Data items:
# # #

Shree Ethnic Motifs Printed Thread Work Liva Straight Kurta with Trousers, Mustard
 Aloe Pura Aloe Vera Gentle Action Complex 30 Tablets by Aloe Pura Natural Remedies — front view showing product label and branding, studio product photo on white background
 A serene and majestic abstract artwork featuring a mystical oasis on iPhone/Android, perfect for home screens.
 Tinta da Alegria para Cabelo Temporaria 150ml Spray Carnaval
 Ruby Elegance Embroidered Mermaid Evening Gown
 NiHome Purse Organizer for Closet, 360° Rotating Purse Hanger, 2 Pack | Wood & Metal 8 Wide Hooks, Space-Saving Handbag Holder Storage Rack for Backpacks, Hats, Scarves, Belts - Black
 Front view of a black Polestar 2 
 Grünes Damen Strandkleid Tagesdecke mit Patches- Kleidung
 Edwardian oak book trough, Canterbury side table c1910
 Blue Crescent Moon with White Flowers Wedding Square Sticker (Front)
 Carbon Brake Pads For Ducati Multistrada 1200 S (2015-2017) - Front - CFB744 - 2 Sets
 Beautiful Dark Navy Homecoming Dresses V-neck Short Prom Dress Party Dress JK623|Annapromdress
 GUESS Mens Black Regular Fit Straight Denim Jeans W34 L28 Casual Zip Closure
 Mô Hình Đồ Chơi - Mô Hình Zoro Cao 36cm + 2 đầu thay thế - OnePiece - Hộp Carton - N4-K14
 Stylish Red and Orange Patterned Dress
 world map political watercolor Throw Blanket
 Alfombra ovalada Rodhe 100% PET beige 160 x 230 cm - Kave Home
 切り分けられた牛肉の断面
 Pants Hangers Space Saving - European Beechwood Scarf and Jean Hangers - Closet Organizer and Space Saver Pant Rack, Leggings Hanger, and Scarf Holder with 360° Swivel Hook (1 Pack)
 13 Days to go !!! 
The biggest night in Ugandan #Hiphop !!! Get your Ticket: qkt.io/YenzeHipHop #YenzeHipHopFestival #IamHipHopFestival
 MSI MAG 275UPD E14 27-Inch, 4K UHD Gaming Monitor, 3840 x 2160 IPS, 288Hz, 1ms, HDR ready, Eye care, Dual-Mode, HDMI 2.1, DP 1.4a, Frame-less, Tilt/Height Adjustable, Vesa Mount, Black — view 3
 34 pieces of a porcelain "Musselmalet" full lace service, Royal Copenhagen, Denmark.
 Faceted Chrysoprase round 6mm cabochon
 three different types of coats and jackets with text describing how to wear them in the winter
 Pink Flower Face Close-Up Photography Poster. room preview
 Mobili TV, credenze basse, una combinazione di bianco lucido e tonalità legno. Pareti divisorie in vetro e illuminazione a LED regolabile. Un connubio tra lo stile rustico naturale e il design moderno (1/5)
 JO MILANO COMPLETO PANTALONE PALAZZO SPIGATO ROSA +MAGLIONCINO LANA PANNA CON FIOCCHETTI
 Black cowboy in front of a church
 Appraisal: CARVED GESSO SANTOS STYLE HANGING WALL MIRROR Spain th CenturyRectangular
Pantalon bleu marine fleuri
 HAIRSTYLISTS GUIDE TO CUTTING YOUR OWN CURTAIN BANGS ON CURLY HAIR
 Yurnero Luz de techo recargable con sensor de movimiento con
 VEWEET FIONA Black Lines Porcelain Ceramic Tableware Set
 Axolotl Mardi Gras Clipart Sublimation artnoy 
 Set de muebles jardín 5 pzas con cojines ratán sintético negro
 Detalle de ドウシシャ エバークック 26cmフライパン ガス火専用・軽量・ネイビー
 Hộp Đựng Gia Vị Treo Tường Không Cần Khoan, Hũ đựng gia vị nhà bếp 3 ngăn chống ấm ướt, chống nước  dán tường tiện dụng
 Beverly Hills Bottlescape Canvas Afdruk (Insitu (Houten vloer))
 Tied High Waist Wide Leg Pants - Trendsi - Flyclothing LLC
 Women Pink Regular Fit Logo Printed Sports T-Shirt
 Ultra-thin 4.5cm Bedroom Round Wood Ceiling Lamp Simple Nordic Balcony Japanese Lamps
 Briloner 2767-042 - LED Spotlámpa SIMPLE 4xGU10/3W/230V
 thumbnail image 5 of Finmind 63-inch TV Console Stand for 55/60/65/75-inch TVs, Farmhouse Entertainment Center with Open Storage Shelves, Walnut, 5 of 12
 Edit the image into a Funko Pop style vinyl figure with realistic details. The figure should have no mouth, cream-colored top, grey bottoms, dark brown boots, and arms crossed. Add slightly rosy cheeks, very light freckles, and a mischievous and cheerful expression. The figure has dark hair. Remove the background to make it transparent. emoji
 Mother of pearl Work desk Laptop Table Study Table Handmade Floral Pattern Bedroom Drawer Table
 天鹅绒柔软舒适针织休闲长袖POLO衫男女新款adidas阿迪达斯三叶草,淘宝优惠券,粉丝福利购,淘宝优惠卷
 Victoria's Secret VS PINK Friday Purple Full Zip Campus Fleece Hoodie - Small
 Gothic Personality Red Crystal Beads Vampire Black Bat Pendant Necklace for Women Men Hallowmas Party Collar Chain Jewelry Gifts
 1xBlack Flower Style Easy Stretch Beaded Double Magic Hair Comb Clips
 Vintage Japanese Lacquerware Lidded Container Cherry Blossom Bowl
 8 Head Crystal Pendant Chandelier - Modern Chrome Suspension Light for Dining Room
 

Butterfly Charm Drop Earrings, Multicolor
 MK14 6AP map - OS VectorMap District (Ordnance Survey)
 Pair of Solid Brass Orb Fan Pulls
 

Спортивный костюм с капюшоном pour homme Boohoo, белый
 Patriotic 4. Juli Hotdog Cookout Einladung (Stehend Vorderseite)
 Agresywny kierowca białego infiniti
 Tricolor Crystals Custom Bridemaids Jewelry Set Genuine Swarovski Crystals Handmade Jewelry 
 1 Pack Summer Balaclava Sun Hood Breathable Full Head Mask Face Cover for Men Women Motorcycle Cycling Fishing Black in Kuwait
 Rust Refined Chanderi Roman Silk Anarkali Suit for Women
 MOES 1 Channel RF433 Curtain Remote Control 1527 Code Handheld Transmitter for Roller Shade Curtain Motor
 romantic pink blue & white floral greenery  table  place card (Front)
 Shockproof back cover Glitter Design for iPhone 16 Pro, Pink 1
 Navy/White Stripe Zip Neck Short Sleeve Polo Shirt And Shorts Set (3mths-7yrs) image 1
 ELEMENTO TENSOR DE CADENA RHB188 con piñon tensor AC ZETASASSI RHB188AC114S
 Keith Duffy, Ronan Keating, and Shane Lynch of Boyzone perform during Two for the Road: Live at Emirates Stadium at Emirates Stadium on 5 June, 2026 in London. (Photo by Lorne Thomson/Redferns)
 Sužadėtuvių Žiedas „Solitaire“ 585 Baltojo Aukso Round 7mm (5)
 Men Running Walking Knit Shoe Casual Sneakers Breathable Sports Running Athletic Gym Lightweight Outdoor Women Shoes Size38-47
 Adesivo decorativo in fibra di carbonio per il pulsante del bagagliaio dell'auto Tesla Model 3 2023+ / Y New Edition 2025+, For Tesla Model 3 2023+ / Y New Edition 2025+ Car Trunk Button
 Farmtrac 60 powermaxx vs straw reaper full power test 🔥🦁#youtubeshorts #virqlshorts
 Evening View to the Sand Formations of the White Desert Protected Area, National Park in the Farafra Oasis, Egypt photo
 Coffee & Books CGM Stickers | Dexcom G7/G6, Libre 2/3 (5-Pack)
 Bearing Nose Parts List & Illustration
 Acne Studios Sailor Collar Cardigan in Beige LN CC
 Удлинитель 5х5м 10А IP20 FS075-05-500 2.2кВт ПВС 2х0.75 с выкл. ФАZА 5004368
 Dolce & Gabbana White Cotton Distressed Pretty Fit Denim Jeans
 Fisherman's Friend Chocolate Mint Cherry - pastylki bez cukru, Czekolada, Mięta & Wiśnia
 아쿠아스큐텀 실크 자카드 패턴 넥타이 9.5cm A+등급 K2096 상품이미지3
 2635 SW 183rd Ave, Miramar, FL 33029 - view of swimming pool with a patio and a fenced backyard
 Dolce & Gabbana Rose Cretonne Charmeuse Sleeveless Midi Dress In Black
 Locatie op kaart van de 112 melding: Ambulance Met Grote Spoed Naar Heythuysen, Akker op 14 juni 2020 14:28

# # #

Your instructions:
Quote exactly the stretch of lines above that starts at the first one and ends at the line with "MSI MAG 275UPD", and nothing beyond it.

Problem solution:
Shree Ethnic Motifs Printed Thread Work Liva Straight Kurta with Trousers, Mustard
 Aloe Pura Aloe Vera Gentle Action Complex 30 Tablets by Aloe Pura Natural Remedies — front view showing product label and branding, studio product photo on white background
 A serene and majestic abstract artwork featuring a mystical oasis on iPhone/Android, perfect for home screens.
 Tinta da Alegria para Cabelo Temporaria 150ml Spray Carnaval
 Ruby Elegance Embroidered Mermaid Evening Gown
 NiHome Purse Organizer for Closet, 360° Rotating Purse Hanger, 2 Pack | Wood & Metal 8 Wide Hooks, Space-Saving Handbag Holder Storage Rack for Backpacks, Hats, Scarves, Belts - Black
 Front view of a black Polestar 2 
 Grünes Damen Strandkleid Tagesdecke mit Patches- Kleidung
 Edwardian oak book trough, Canterbury side table c1910
 Blue Crescent Moon with White Flowers Wedding Square Sticker (Front)
 Carbon Brake Pads For Ducati Multistrada 1200 S (2015-2017) - Front - CFB744 - 2 Sets
 Beautiful Dark Navy Homecoming Dresses V-neck Short Prom Dress Party Dress JK623|Annapromdress
 GUESS Mens Black Regular Fit Straight Denim Jeans W34 L28 Casual Zip Closure
 Mô Hình Đồ Chơi - Mô Hình Zoro Cao 36cm + 2 đầu thay thế - OnePiece - Hộp Carton - N4-K14
 Stylish Red and Orange Patterned Dress
 world map political watercolor Throw Blanket
 Alfombra ovalada Rodhe 100% PET beige 160 x 230 cm - Kave Home
 切り分けられた牛肉の断面
 Pants Hangers Space Saving - European Beechwood Scarf and Jean Hangers - Closet Organizer and Space Saver Pant Rack, Leggings Hanger, and Scarf Holder with 360° Swivel Hook (1 Pack)
 13 Days to go !!! 
The biggest night in Ugandan #Hiphop !!! Get your Ticket: qkt.io/YenzeHipHop #YenzeHipHopFestival #IamHipHopFestival
 MSI MAG 275UPD E14 27-Inch, 4K UHD Gaming Monitor, 3840 x 2160 IPS, 288Hz, 1ms, HDR ready, Eye care, Dual-Mode, HDMI 2.1, DP 1.4a, Frame-less, Tilt/Height Adjustable, Vesa Mount, Black — view 3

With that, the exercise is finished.